Pour avoir été «naïfs comme tout», les Vaudois Isabelle et Hervé Rochat* ont subi «la ruine de leur retraite» en un petit mois. En mars 2022, leurs économies – pas moins de 177’000 euros, soit 165’000 francs – ont fini dans les poches d’escrocs très bien organisés, qui ont fait miroiter des jours plus beaux aux sexagénaires, tout juste retraités.
Tous deux anciens travailleurs sociaux, les époux habitant la Broye se sont livrés anonymement à Blick. Ils souhaitent dénoncer l’arnaque à l’usurpation d’identité, qui vient également de coûter cher à une connaissance et à un lecteur de Blick.

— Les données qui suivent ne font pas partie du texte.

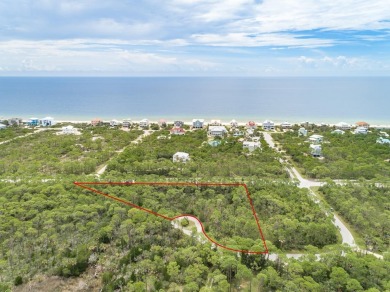 Beach Lot Off Market in St. George Island, Florida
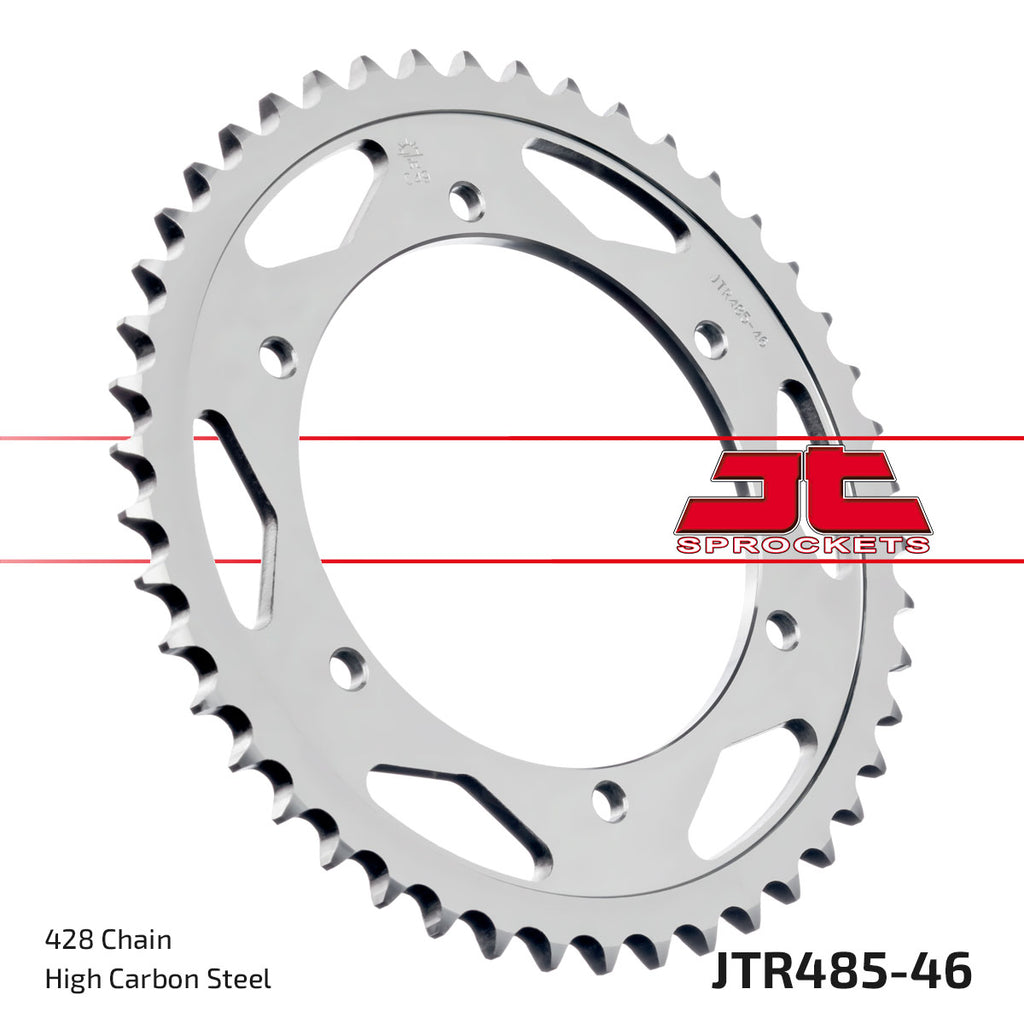 REAR SPROCKET JTR485.44 JT 428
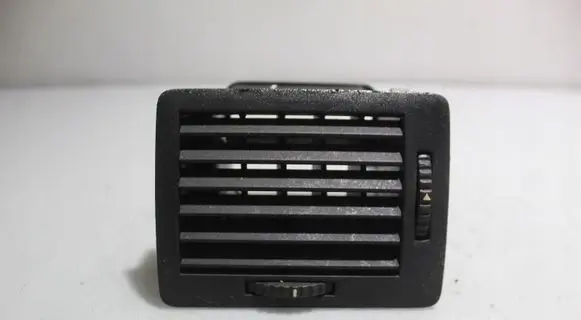 Dashboard side air vent grill/cover trim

Aujourd’hui encore, cette histoire – dont seuls leurs enfants et un ami sont au courant – leur inspire «un sentiment honteux, lourd à porter». Mais forts de leurs 45 ans de mariage, ils ont tenu le coup.
Une cryptomonnaie lancée… par Elon Musk?
Le couple fait partie des nombreuses victimes d’une vaste escroquerie aux cryptomonnaies, comme celle qui a touché 5000 personnes – dont 100 en Suisse – et qui a mené au démantèlement d’un gang par Europol, fin juin en Espagne. «Nous avons répondu à une publicité sur Facebook concernant la cryptomonnaie lancée par Elon Musk, se souvient Isabelle. Il fallait verser 250 euros pour avoir accès aux investissements.»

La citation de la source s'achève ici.